[Work task] Copy out every line in the entries below that includes "Ball".

=== Entries provided ===

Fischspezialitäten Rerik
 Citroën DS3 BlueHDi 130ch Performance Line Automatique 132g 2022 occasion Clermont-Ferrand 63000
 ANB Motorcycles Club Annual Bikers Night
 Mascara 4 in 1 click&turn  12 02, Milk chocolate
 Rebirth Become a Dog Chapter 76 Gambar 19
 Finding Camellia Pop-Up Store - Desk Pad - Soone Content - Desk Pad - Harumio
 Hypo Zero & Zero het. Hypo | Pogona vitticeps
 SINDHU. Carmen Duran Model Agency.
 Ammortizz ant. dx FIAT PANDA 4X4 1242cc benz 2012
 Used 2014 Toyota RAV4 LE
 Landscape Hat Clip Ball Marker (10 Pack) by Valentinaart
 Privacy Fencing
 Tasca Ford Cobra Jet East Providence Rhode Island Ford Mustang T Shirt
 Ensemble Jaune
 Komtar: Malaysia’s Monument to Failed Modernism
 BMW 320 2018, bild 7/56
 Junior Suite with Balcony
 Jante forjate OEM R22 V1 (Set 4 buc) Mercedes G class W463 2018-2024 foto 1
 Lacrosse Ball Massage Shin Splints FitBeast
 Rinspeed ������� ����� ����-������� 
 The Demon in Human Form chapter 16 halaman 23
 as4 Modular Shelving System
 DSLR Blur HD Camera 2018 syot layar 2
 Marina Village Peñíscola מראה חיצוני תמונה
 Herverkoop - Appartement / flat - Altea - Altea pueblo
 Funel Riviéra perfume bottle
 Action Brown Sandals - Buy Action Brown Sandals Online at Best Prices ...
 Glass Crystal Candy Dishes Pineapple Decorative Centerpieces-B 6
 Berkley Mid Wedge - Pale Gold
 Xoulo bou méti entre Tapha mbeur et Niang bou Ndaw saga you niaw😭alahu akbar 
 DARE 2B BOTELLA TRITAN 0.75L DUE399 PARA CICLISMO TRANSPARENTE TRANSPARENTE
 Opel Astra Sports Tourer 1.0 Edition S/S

===

[Solved exercise]
 Landscape Hat Clip Ball Marker (10 Pack) by Valentinaart
 Lacrosse Ball Massage Shin Splints FitBeast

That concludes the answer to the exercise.